Here is a brief summary of how
tm_spawn currently works. The client that uses the task manager API (for example pbs_dsh) has a list of nodes that it wants to spawn a task one, and for each of the node it calls tm_spawn, which has the signature below:
int tm_spawn(int argc, char **argv, char **envp, tm_node_id where, tm_task_id *tid, tm_event_t *event)
Note that the client passes an “event”, which is just a number. If there are n nodes, there will be n event numbers. These will be used to track the status of the tm_spawn requests.
Once the mom gets a TM_SPAWN request from the client, and finds that the requested node to spawn task on is not herself, mom sends an IM_SPAWN (inter-mom message) to the sister, forwarding the event number as well. And when the mom gets a reply back from the sister, mom
tm_reply to reply to the client. The client will learn about the status of the request its sent out, by doing tm_poll using the event number.
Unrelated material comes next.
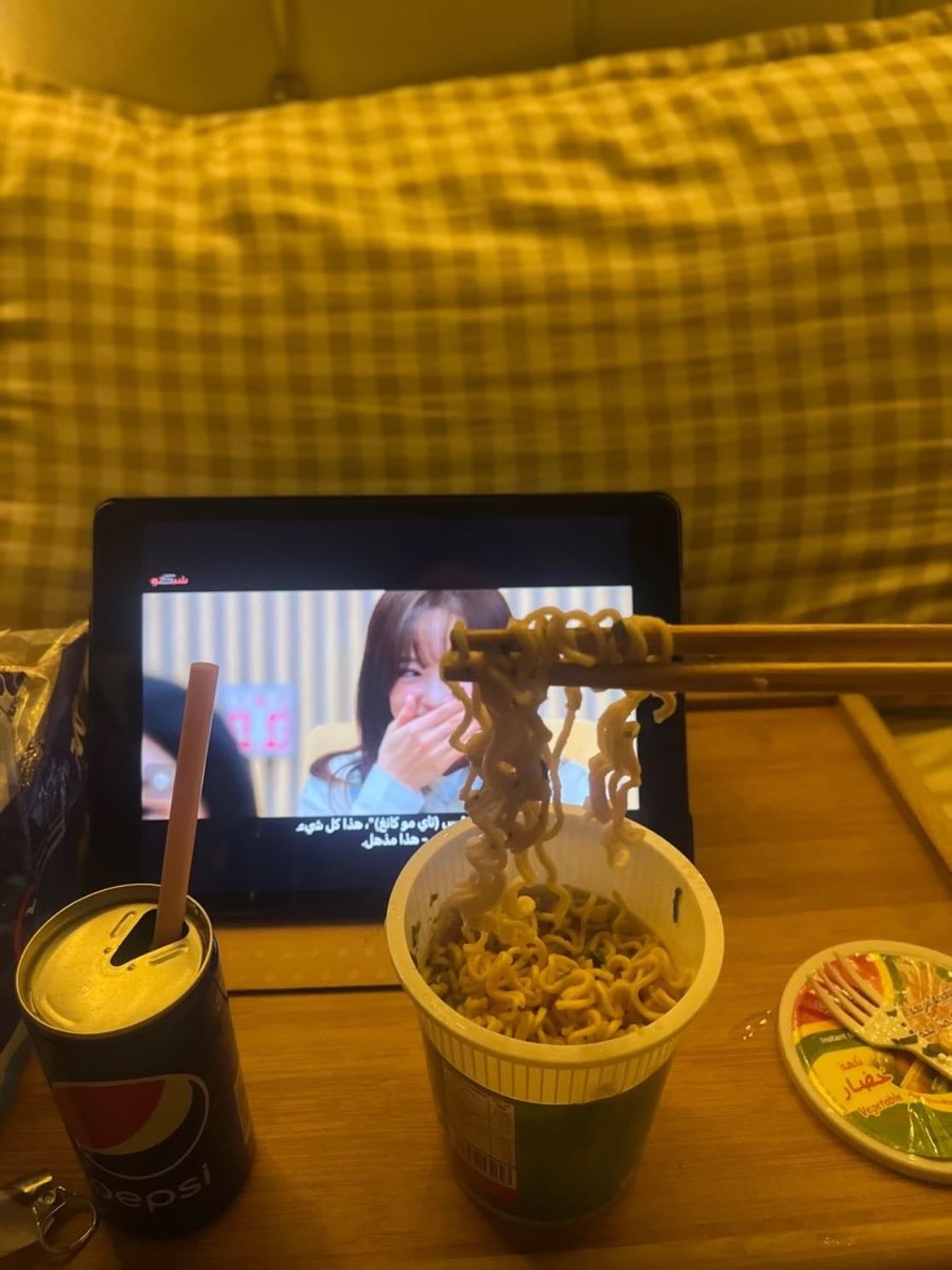 Rewatching my favourite series - It makes me feel comfortable and nostalgic in a beautiful way.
Now I would like to achieve something like this:
int tm_spawn_multi(int argc, char **argv, char **envp, tm_node_id where, tm_task_id *tid, tm_event_t *event)
so that a client can spawn tasks on multiple nodes (note where has turned into an array) at once instead of using a loop. The actual implementation could utilize the tpp_mcast functionality. Once mom gets the TM_SPAWN request from the client, mom could use
tpp_mcast_add_strm to add the list of receivers (sister moms) specified by
im_compose to send the all sisters an IM_SPAWN request at once.
What I could not figure out was how to use events to track the status of these requests now. The way that the
tpp_mcast suite of functions were implemented assumes that we send the same data to all the streams (sisters), as you can see from the signature of
im_compose, all the streams will be sent the same event number:
int im_compose(int stream, char *jobid, char *cookie, int command, tm_event_t event, tm_task_id taskid, int version)
Is there a way to use tpp_mcast, but send each receiver a different event number?
Or is there a better way to track status of the tm_spawn request? Maybe instead of replying to the client every time a sister complete the spawn, the mom can somehow using a single event to track the number of sisters have finished spawning task, and then send a single reply to the client once all sisters have finished?